HC Deb 06 November 1996 vol 284 cc1238-40
21. Mr. Batiste

To ask the President of the Board of Trade if he will list the figures for inward investment into (a) the United Kingdom, (b) Germany and (c) France for the period since 1991. [549]

Mr. Greg Knight

The most recent information from the Organisation for Economic Co-operation and Development shows that inward investment flows into the United Kingdom in the period from 1991 to 1995 totalled $87.7 billion, compared with $62.3 billion into France and $13.2 billion into Germany.

Mr. Batiste

Is it not clear that Britain not only receives the lion's share of inward investment from Japan, Korea and the United States, but is increasingly getting inward investment from France and Germany as well? Is it not the clearest sign that the Government have got their policies right on the economy, on social costs and on trade union reform when even French and German business men vote with their feet and come to Britain?

Mr. Knight

My hon. Friend is absolutely right. In the period from 1991 to 1993, Germany invested £2.3 billion in the United Kingdom and France invested £2.1 billion.

Mr. Clapham

Is the Minister aware that the American utilities are working with some local government departments to attract inward investment? Georgia Power, for example, working with some of the departments of the state government, attracted 32,000 jobs into the state in 12 months.

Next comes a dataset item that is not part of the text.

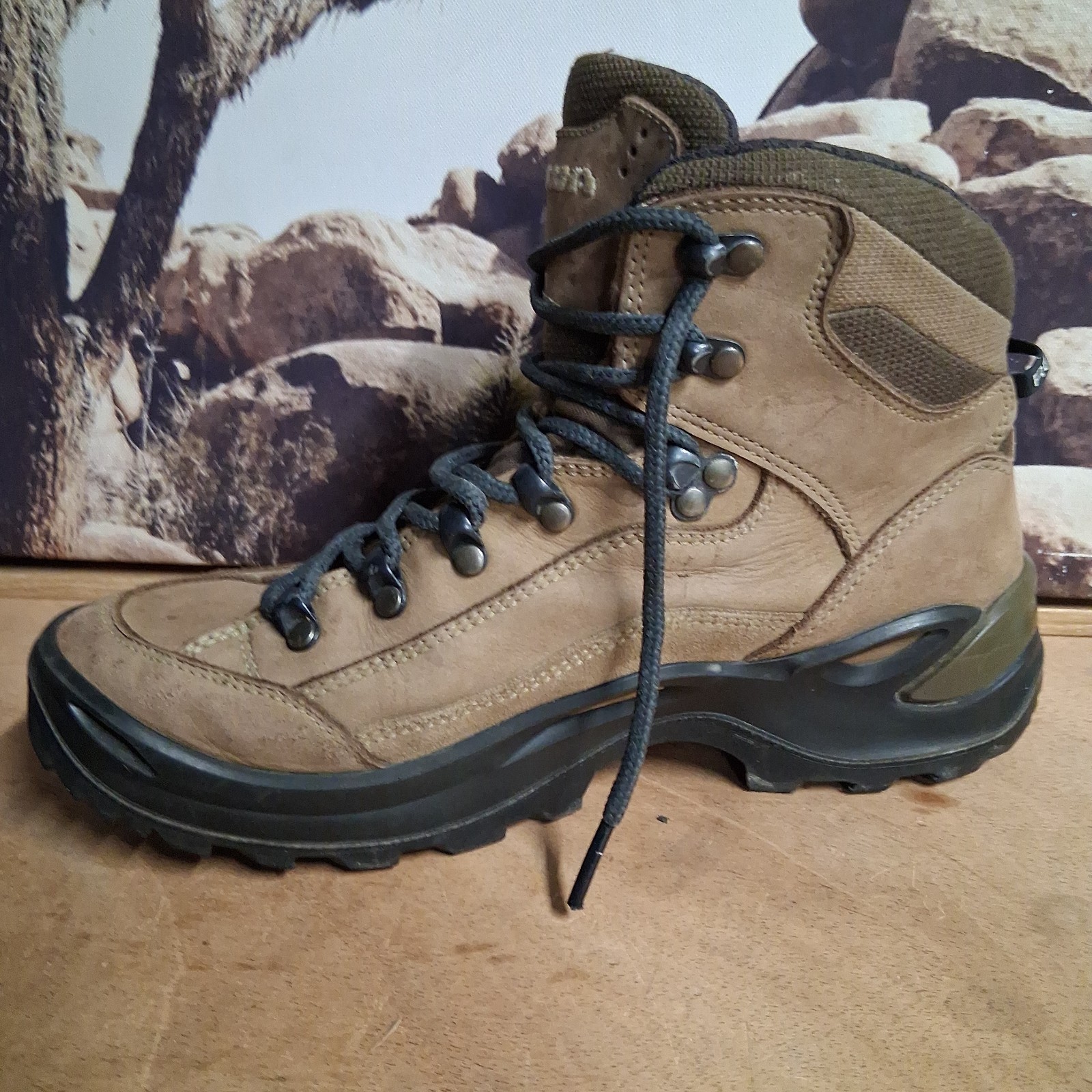 LOWA Renegade GTX Mid Women’s 8 Hiking Boots Leather GORE-TEX Vibram Gorpcore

Will the Minister undertake to look at some of those schemes to see what lessons might be learned for the United Kingdom?

Mr. Knight

The hon. Gentleman makes a valid point, and I am certainly prepared to look at any information he pushes my way. We are not doing too badly, are we, with 4,500 US firms located in the United Kingdom, including 99 of the top 100?

Sir Michael Grylls

Does my right hon. Friend agree that it is not just a question of investment? From analysing the figures my right hon. Friend has just given, one sees that jobs are being exported from Germany and France to Great Britain, to the benefit of the British people who are getting extra jobs.

Mr. Knight

My hon. Friend makes his point well. The figures also show that, in Britain, we have a skilled, flexible and positive work force.

Mr. Purchase

Should not the Minister come clean about aggregate investment in those three economies and admit that Britain is seriously lagging behind? Should he not disaggregate the figures for inward investment in Britain between mere share churning, takeovers and genuine new money investment? Should he not also tell us the extent of external investment from this country? In 1994–95, it was running at £40 billion, which is more than three times the amount of inward investment.

Mr. Knight

That last comment sums up what is wrong with the Labour party. Britain is a trading nation, and we will always be a trading nation. We will be a successful trading nation so long as we have a Conservative Government.